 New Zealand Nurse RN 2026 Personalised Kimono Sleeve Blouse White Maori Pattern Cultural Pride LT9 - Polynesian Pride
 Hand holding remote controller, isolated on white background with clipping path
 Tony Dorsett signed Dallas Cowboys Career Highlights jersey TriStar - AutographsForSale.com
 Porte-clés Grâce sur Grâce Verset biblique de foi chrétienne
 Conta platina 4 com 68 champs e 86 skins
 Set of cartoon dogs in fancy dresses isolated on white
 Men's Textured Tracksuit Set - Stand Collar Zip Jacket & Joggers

========

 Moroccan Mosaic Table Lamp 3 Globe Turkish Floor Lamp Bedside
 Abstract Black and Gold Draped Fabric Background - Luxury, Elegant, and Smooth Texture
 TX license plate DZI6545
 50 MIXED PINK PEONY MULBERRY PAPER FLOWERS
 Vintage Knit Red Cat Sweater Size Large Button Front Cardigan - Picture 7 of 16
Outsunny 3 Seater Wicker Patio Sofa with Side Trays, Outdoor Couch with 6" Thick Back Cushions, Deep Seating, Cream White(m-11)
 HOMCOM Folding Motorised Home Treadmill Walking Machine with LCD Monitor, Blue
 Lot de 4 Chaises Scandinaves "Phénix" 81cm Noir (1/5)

========

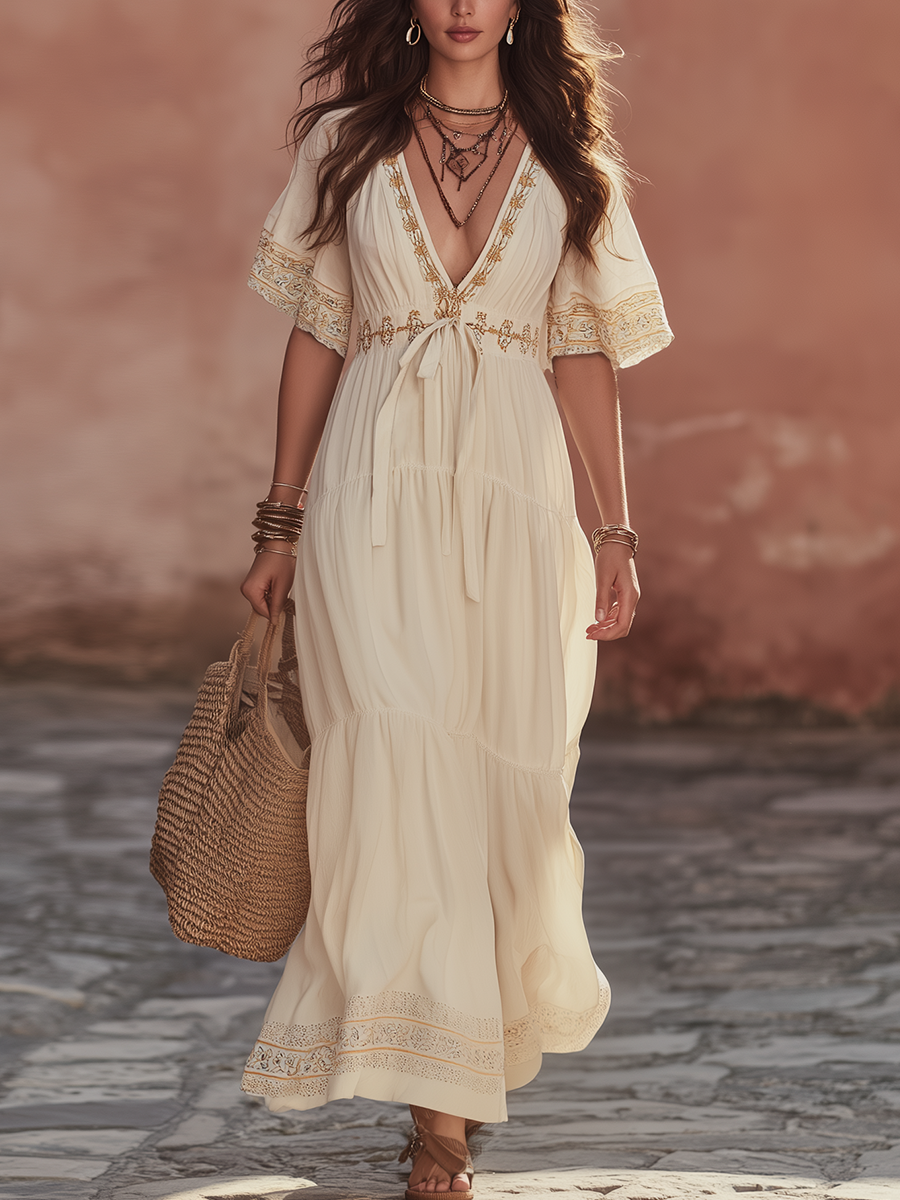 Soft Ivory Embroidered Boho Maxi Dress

========

◆ **What the task requires**
Could you transcribe the entries above word for word, from the line with "Set of cartoon" down to the line with "Men's Textured Tracksuit", keeping both?

◆ **Response box**
 Set of cartoon dogs in fancy dresses isolated on white
 Men's Textured Tracksuit Set - Stand Collar Zip Jacket & Joggers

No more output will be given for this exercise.